Het verdrag nodigt overheden, instellingen én burgers uit om erfgoed niet alleen te bewaren, maar ook actief in te zetten voor maatschappelijke opgaven zoals inclusie, sociale cohesie, leefbaarheid en educatie.
Waarom is het relevant voor de erfgoedsector?
- De erfgoedsector staat al langer voor de uitdaging om:
- meerstemmigheid te omarmen;
- diverse gemeenschappen beter te betrekken;
- en de maatschappelijke betekenis van erfgoed zichtbaar te maken.
Het Verdrag van Faro biedt hiervoor een helder, richtinggevend kader. Niet vanuit wetgeving of regels, maar als een inspirerende werkwijze. Het daagt erfgoedprofessionals uit om samen te werken met burgers en gemeenschappen, ruimte te geven aan andere perspectieven en erfgoedprojecten te verbinden aan actuele thema’s.

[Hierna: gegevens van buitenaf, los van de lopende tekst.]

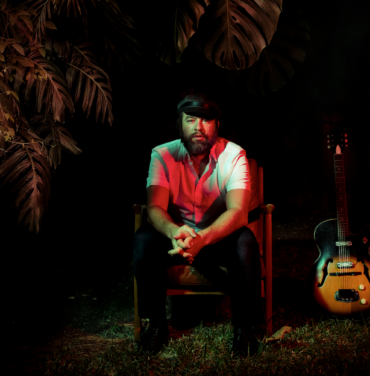 Alex Maas de The Black Angels anuncia álbum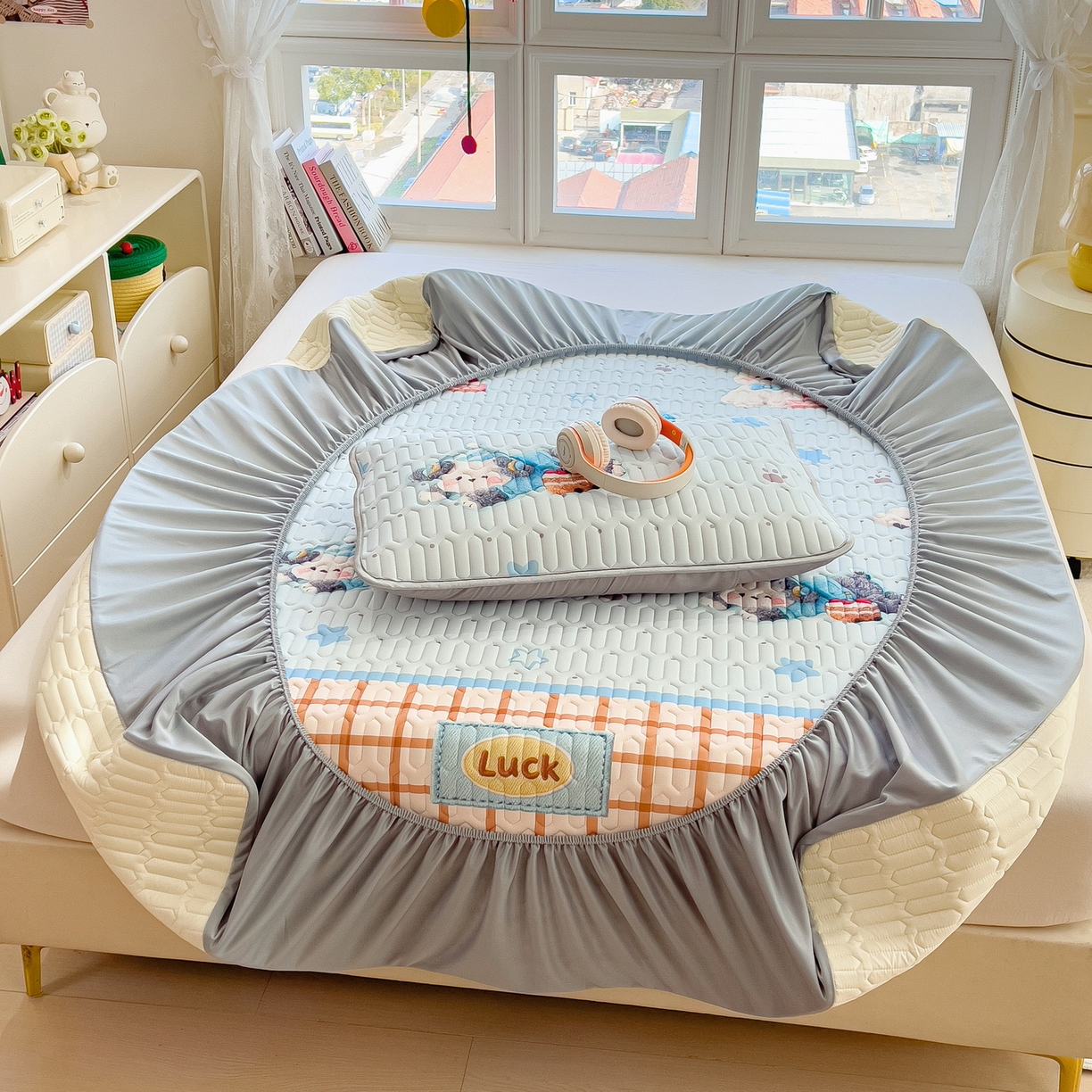 91家纺网 家纺一手货源 找家纺 丝羽坊 2026新款高密凉感丝印花乳胶凉席-床笠款 小企鹅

Enkele voorbeelden van Faro-inspiratie in de praktijk:
- Lokale bewoners brengen hun buurtgeschiedenis in kaart via een digitaal platform;
- Een erfgoedorganisatie betrekt jongeren bij het samenstellen van een tentoonstelling over identiteit;
- Een gemeente werkt samen met vrijwilligers aan het behoud van immaterieel erfgoed zoals dialect of feesten.
Nederland en het Verdrag
Nederland heeft het Verdrag van Faro in 2024 ondertekend en werkt sinds 2020 aan de implementatie via de Uitvoeringsagenda Faro. Daarbij wordt nauw samengewerkt met erfgoedgemeenschappen, instellingen, overheden en fondsen. Er zijn diverse subsidieregelingen opgezet om experimenten, samenwerking en nieuwe vormen van erfgoedpraktijk te ondersteunen.
Voor de erfgoedsector betekent dit een belangrijke stap richting een meer open, betrokken en inclusieve toekomst.